We mentioned above, buyers were present to prevent the range from extending lower, and sellers were
AWOL. That lack of downside proves that observation.
This is a bit more subtle, but it adds to the significance of the potential hold in gold, at least for now.
To the left of the September low, there was a small, sideways correction in May and June. The fact that
that "correction" was sideways and not lower tells us the market was strong, at that time. The low of
that congestion correction is above the last swing high from November 2010 through January 2011,
leaving spacing, confirming the strength of the then ongoing trend. It is no accident that the decline in
September, and then again in December, stopped at this area.
Will it continue to hold? No one knows. We can only deal with present tense information, and right now,
the market says that support is holding. This can change tomorrow, or next week, or later. As long as
we can read developing market activity, clues will be provided to confirm or negate the facts as they are
known as of today.
We have added a down channel off the highs of September and November, and then drew a lower line
parallel to it, starting at the September low. The purpose of a channel is to see how price behaves in
between the supply, [top channel line], and the demand [bottom channel line]. What we see here is
price holding about half-way in the channel and not working lower, which is often the case in a down
trending market. We now need to see if price can continue to move back to the upper line, and then
observe HOW price responds to it...break it to go higher, or stay contained and move lower?

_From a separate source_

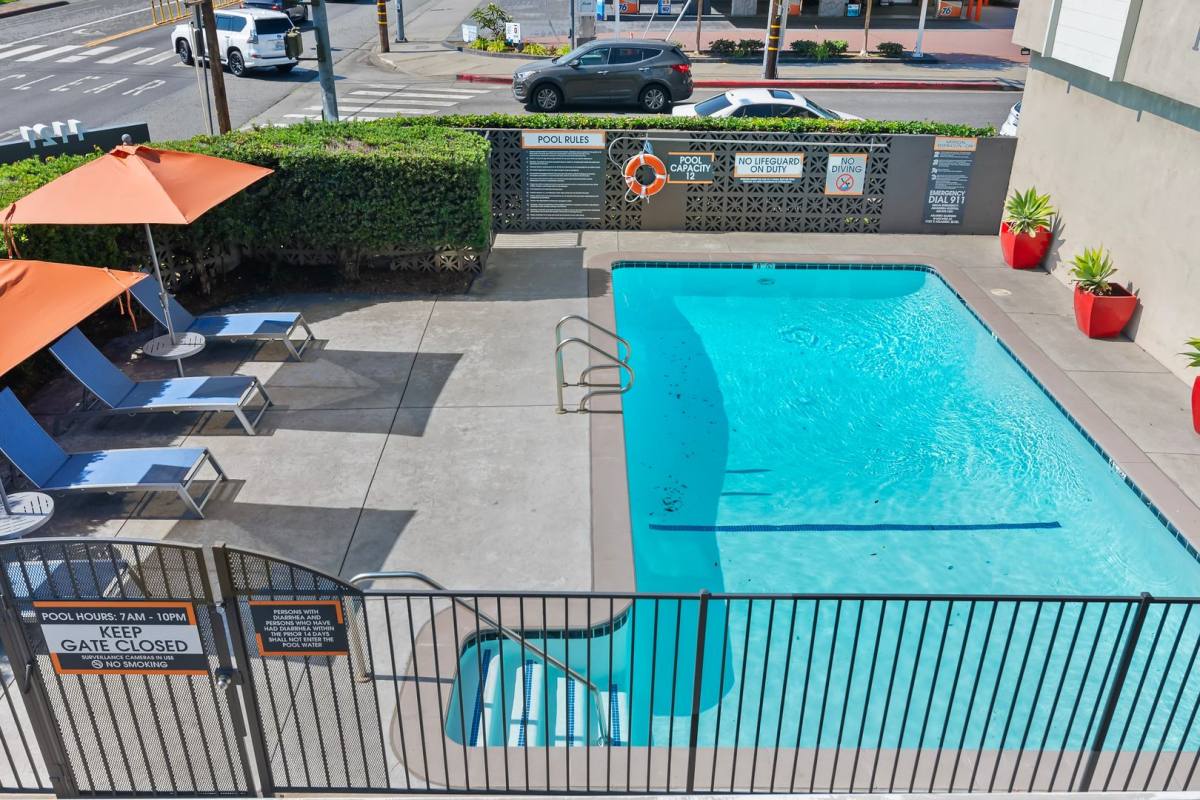 Apartment for rent at 1121 S Atlantic Ave, Alhambra, CA 91801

The daily provides a clearer picture of the failed probe. Note how that low bar is smaller than the one
before it, and how the close was mid-range the bar. The close tells us who won the battle between
buyers and sellers. It is a neutral close, but balance to buyers for stopping sellers cold at a point where
sellers should have dominated. Since the low, gold has made an impressive rally from a weak position.
After three strong bars up, there has been a kind of sideways to higher "correction," telling us sellers
are absent.
What will be important to observe, going forward, is how gold handles resistance just under 1650.
There was a sharp jump in volume when gold sold off on that wide range bar down. Whenever there
is an abnormally large increase in volume, it is an indication of a substantial battle between buyers
and sellers, a transfer of risk. Smart money sells highs and buys lows. Would you surmise that smart
money was selling that day?
Logically, we can infer the transfer of all that volume at a low area went into strong hands, and that is
why price did not go lower last month, and that is why there were no stops or new sellers under the
September low. If we are leaning in the right direction in reaching these conclusions, it means gold
may very well hold these lows and continue to work higher.
What is also of consequence how the December low, under discussion, occurred on the quarterly, monthly,
weekly and daily charts, creating a synergy amongst four different time frames acting in unison. This kind
of synergy does not happen regularly, so when it does, it deserves close attention. Adding that high
volume bar, just prior to the low, as being a transfer of risk from weak to strong hands, and we do not
know of other analysts drawing attention to that day and its significance, December may well have been
a perfect storm for gold.
If there is merit in the presentment of the surrounding facts in the gold chart, we should begin to see
more confirmation in price and volume activity, such as we are seeing right now, with a sideways to
higher price correction, instead of one that retraces a part of a preceding rally, as we will see in silver.
Continue to be a buyer of the physical that can be held personally. If you learn anything from the MF
Global theft, it is, trust no one. Ask the numerous MF Global customers that have lost SEGREGATED
account contents, if proof be needed, beyond common sense from watching the other world debacles
unfolding every day.

Silver will move more quickly because of the groundwork laid in the gold analysis. Despite silver being
weaker that gold, and having taken such a beating, you can see from the monthly chart that spacing
still exists. Spacing, in a bull market, exists when the last swing low, December 2011, stays above the
last swing high, March 2008, creating a space between the swing high and swing low. This tells us that
buyers are not waiting to see the last swing high tested, but are buying the market at current levels.
Spacing is an indicator of market strength.
We will call the monthly chart weakened, a trading range instead of an up trend.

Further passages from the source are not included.